You are viewing a plain text version of this content. The canonical link for it is here.
Posted to users@spamassassin.apache.org by Justin Mason <jm...@jmason.org> on 2007/01/25 18:57:18 UTC

NOTICE: 3.2.0 rescoring mass-checks

hi all --

OK, if you're planning to send us mass-check logs for the 3.2.0 rescoring,
now's the time!

http://wiki.apache.org/spamassassin/RescoreDetails has all the details.

Note that the deadline for result submission is Tuesday, Feb 6 as
described at http://wiki.apache.org/spamassassin/Release320Schedule .

cheers!

--j.

Re: NOTICE: 3.2.0 rescoring mass-checks

Posted by Doc Schneider <ma...@maddoc.net>.
Fred Tarasevicius wrote:
> Hello Justin,
> 
> Thursday, January 25, 2007, 12:57:18 PM, you wrote:
> 
>> hi all --
> 
>> OK, if you're planning to send us mass-check logs for the 3.2.0 rescoring,
>> now's the time!
> 
> OK, so we can start running the tests now?  To ensure I am correct at
> how to go about this, we just svn update the latest release, start the
> mass-checks as outlined on the wiki page and send away when we are
> done?
> 

Nope you need to go to the wiki page he said.
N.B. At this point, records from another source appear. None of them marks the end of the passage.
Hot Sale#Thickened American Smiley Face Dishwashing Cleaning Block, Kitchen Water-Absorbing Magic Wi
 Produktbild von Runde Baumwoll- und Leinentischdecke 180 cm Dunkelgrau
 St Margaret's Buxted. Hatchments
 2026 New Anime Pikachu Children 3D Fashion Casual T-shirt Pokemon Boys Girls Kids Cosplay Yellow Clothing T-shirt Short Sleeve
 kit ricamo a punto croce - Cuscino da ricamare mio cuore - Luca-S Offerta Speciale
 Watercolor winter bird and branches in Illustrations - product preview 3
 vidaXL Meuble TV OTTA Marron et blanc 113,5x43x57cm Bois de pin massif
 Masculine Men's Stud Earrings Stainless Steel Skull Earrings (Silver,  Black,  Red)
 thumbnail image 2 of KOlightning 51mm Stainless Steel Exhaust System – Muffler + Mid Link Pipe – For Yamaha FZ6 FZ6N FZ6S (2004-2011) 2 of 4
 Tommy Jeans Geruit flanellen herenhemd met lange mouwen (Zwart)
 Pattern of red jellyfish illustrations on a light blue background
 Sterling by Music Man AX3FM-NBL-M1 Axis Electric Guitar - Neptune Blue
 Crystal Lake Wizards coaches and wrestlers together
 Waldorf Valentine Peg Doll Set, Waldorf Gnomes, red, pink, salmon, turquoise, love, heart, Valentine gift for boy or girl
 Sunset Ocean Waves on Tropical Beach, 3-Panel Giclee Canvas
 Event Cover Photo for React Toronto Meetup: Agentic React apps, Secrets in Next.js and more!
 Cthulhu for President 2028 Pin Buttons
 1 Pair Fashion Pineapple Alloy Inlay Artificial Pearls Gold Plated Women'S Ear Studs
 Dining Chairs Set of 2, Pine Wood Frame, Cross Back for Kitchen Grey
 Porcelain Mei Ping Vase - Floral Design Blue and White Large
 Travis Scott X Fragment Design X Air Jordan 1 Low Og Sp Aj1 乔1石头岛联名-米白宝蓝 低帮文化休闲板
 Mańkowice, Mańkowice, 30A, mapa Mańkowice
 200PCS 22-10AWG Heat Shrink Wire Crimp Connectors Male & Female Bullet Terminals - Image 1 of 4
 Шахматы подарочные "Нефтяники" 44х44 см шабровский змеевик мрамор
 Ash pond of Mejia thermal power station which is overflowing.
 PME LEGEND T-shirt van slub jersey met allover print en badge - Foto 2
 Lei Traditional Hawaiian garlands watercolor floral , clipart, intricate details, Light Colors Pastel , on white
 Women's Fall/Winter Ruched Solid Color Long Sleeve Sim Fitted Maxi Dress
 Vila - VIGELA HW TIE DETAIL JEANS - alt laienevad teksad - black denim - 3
There is a custom tarball 
for masschecking.

See:

http://wiki.apache.org/spamassassin/RescoreDetails


-- 

  -Doc

  Penguins: Do it on the ice.
    1:04pm  up 11 days, 22:02, 15 users,  load average: 0.34, 0.50, 0.56

  SARE HQ  http://www.rulesemporium.com/

Re: NOTICE: 3.2.0 rescoring mass-checks

Posted by Fred Tarasevicius <te...@i-is.com>.
Hello Justin,

Thursday, January 25, 2007, 12:57:18 PM, you wrote:

> hi all --

> OK, if you're planning to send us mass-check logs for the 3.2.0 rescoring,
> now's the time!

OK, so we can start running the tests now?  To ensure I am correct at
how to go about this, we just svn update the latest release, start the
mass-checks as outlined on the wiki page and send away when we are
done?

-- 
Best regards,
 Fred                            mailto:tech2@i-is.com


Re: NOTICE: 3.2.0 rescoring mass-checks

Posted by Matthias Leisi <ma...@leisi.net>.
-----BEGIN PGP SIGNED MESSAGE-----
Hash: SHA1

Hi all,

My mass-check run shows a considerable number of bayes/locking errors:

| bayes: cannot open bayes databases
| /opt/masscheck-3.2.0/mcsnapshot/masses/spamassassin/bayes_* R/W: lock
| failed: Interrupted system call

nohup.out has 118 such entries for 17'912 mails done. Is this something
I should be worried about or even worthy of opening a bug?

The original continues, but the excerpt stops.